TLDR - Weight training is the wrong activity for improving both your sustained speed (26-30kph) and your 1-minute speed (40kph). Read below to understand why.
Background
There are three main types of skeletal muscles: slow twitch (type 1), fast oxidative (type 2 a) and fast glycolytic (type 2 b). Your make up of the three types determined primarily by genetics (with some interchangeability between type 2b and type 2a). These muscles differ by the metabolic pathway used to power contraction, as well as contraction speed and strength and ability to perform repeated contractions.
Slow twitch (type 1) are weak and slow but are what power sustained efforts. These muscles generate power through aerobic glycolysis (i.e., "burning" oxygen). While weaker total force output these muscles have high endurance (due to the use of oxygen). If you are doing any sustained activity over 1 minute in duration you are primarily using these muscles. If you are a professional endurance cyclist you were likely gifted by genetics with a higher proportion of type 1 fibers than the regular joe. (Aside from doping, it really is easier for them.)
If you are sprinting (efforts under 1 minute - like your 40kph efforts) you will be primarily using type 2a. When you are mashing the pedals hard in a maximal effort (under 10 sec) you are using type 2b fibers. Type 2a uses a mix of anaerobic and aerobic pathways while type 2b only use anaerobic pathways.
What weight training actually does...
That leaves us with the question of what will happen when we weight train and gained 10 kilos of muscles (hypertrophy). Muscle hypertrophy occurs primarily through chronic anaerobic, high-intensity resistance activity. This means you will be developing type 2b primarily along with some type 2a (actually changing your type 2a behave more like type 2b) and a bit of type 1 (the actual splits depends on type of resistance training).

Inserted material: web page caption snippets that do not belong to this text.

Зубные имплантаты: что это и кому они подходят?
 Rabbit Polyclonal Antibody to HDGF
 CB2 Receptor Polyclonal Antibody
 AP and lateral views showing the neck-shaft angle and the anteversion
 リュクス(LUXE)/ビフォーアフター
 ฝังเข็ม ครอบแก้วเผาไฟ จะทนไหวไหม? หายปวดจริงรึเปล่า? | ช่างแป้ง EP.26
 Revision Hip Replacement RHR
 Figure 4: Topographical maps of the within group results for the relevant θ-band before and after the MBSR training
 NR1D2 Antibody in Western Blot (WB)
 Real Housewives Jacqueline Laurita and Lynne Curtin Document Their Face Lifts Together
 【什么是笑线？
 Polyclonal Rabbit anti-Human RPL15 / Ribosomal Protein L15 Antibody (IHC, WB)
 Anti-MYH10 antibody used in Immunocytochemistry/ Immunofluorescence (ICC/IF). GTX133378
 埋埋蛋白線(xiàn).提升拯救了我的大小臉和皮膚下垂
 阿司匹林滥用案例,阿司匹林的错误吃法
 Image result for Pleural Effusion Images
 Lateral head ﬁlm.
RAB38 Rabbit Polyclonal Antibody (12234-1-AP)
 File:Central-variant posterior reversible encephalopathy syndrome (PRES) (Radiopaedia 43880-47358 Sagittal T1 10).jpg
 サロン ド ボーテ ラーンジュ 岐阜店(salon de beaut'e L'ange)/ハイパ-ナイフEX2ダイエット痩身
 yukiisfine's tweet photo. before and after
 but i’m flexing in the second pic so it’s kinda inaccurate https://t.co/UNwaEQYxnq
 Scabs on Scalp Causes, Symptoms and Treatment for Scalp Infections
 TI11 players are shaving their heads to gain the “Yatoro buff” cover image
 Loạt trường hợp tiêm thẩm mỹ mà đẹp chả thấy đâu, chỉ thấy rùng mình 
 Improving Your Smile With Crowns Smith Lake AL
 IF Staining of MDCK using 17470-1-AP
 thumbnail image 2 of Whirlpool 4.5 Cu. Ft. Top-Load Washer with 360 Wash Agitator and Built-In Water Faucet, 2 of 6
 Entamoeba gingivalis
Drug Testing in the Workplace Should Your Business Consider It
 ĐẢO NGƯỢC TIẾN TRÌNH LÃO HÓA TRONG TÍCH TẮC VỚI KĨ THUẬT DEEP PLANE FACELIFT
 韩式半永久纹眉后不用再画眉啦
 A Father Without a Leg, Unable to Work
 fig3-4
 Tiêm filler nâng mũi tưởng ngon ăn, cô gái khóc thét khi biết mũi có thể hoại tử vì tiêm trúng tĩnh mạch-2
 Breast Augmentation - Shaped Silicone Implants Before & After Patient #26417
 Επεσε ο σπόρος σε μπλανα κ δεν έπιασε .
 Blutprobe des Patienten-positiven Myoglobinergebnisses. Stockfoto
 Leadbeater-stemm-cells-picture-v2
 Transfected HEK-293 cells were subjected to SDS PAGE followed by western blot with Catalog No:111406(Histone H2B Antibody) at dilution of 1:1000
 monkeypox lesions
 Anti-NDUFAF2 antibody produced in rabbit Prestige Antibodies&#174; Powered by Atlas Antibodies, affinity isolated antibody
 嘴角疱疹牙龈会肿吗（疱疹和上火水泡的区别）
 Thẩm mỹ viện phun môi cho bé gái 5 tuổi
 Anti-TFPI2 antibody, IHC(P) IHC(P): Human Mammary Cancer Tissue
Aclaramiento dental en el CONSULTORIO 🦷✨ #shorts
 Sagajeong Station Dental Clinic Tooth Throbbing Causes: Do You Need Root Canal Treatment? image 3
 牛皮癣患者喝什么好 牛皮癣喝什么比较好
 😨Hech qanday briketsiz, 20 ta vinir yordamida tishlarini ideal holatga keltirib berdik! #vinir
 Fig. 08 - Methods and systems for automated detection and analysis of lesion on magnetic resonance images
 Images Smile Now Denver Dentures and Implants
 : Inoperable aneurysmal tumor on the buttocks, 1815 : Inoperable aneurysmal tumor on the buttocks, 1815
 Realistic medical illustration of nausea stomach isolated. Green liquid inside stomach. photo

Your ability to accelerate quickly would likely improve the most. Your 40 kph (type 2a powered) could increase a bit. Your sustained 26-30 (kph) might increase a little bit, if you kept up aerobic training as well.
The specificity principle
This gets us to the specificity principle. The training needs to be specific to the task. This comes in terms of strengthening the right muscle for the action (circular pedal motion), building up connective and support tissue (strong core is important - you can't fire a cannon from a canoe! - although...) and muscle recruitment pattern (how your brain activates individual muscle fibers).
For cycling, the circular motion is un-natural. As such we need to train your muscles with the activity at hand.
Improving sustained efforts
To improve you 26-30 kph sustained speed you would need to stay away from the weight room as we need to train type 1 muscle fibers. We can't make these muscles much bigger per say, but more efficient.
- This means improving muscle recruitment. (ask stack exchange for pedalling exercises)
- This means improving aerobic metabolism efficiency. (Long Slow Days - LSD)
- This means improving the lactic acid threshold. (Aerobic threshold efforts)
Most when they go on endurance rides they laugh at (1), then ride somewhere between (2) and (3); doing what we commonly refer to as junk miles. You will need to specifically train these three components individually to get the biggest improvements your sustained speed. A coach can be highly beneficial here.
Improving 1 minute efforts
Here we want to train our type 2a fibers and perhaps "recuit" some type 2b to be like, or function more like, like type 2a (this is a bit of a disputed topic as to the mechanism). They gym may help a bit but something like interval training (repeated hard efforts, e.g., 2 min on 1 minute off, repeated 8 times) will do wonders. Interval training is generally hard to do and hard to get right, a coach is recommended.